Un référendum populaire entérine la décision helvétique d'abandonner progressivement l'énergie atomique, d'ici à 2035. Cinq réacteurs sont actuellement en service et fournissent un tiers de l'électricité consommée dans ce pays qui souhaite s'orienter vers les renouvelables.

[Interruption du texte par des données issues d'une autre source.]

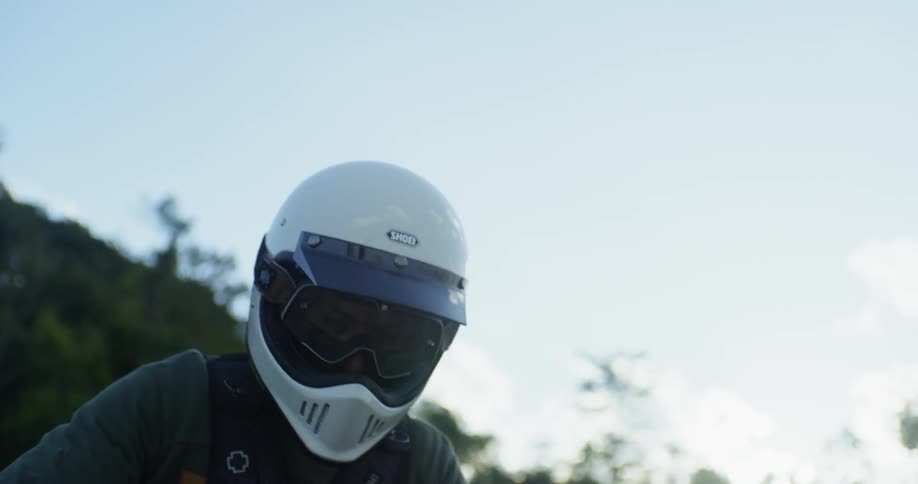 A motorcyclist rides in mountains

C'est l'épilogue d'un long débat de société : la population suisse a choisi, lors d'un référendum organisé ce dimanche 21 mai 2017, de sortir progressivement du nucléaire, une énergie qui est exploitée industriellement depuis 1969. De nombreuses votations avaient été organisées depuis les années 1990, au lendemain de l'accident de Tchernobyl. La première initiative, intitulée "Pour un abandon progressif de l'énergie atomique" avait pourtant été repoussée avec 52,9 % de personnes opposées. Toutefois, le même référendum avait également entériné l'arrêt de toute nouvelle construction de centrale nucléaire, de façon assez nette (54,5 % de pour).

 

 

De nouveau, en mai 2003, la population avait très largement rejeté une initiative de sortie du nucléaire (66,3 % de contre) et avait même levé le moratoire, entraînant la résurgence de projets de nouvelles centrales. Mais la catastrophe de Fukushima avait changé la donne, en mars 2011, entraînant la décision du Conseil fédéral de sortir progressivement du nucléaire à l'horizon de 2034. Malgré tout, une énième votation populaire avait, une nouvelle fois, repoussé cette idée au mois de novembre 2016 par 54 % de contre. Six mois plus tard, le rapport de force s'est finalement inversé, puisque 58,2 % se sont prononcés pour l'abandon de l'atome.

 

Le paradoxe helvétique

 

 

La Suisse possède aujourd'hui un parc de quatre centrales en activité - soit cinq réacteurs en tout - entrées en service entre 1969 (Beznau I) et 1984 (Leibstadt). Leurs centrales sont donc, pour la moitié d'entre elles, plus vieilles que la centrale de Fessenheim (détenue à 15 % par un consortium d'énergéticiens suisses Axpo, Alpiq et BKW). Certains activistes suisses réclamaient pourtant sa fermeture immédiate en raison de son implantation trop proche de leur territoire. Le pays tire cependant environ un tiers de son électricité de ses propres réacteurs. Il s'agit donc de la deuxième source de courant après l'hydroélectricité (60 %), mais qui reste très loin devant les énergies renouvelables (6 %) appelées à monter en puissance. Il faut noter que l'année 2016 a été la première où la Confédération helvétique a importé plus de courant qu'elle n'en a vendu à ses voisins, ce qui a peut-être motivé la décision de transition vers des énergies renouvelables - et donc locales. Les opposants à l'arrêt de l'atome civil regrettent, pour leur part, un risque de renchérissement de l'énergie : le tarif passera effectivement de 1,5 centime d'euro/kWh à 2,3 c€/kWh (+53,3 %), mais des soutiens accrus aux exploitants de barrages hydrauliques pourraient coûter des centaines de millions d'euros au contribuable chaque année.

 

L'arrêt de l'industrie nucléaire - outre le défi énergétique - posera également la question des déchets et matériaux issus des déconstructions, dans les 20 ans qui viennent. Pour l'heure, les combustibles radioactifs usagés sont entreposés dans le site temporaire de Würenlingen mais le volume accumulé sur place (7.500 m3) est sans commune mesure avec ce qu'il faudra stocker lors du démantèlement des centrales (95.000 m3). Des recherches relatives au stockage définitif sont donc menées dans le Jura suisse, au laboratoire souterrain du Mont-Terri, l'équivalent du laboratoire de Bure en France. Il faut également noter que le développement du nucléaire ne s'est pas fait sans heurt au cœur des Alpes, puisqu'un grave incident s'est déroulé en janvier 1969 sur le réacteur de recherche de Lucens, entraînant la contamination d'un réseau de grottes et la condamnation du site.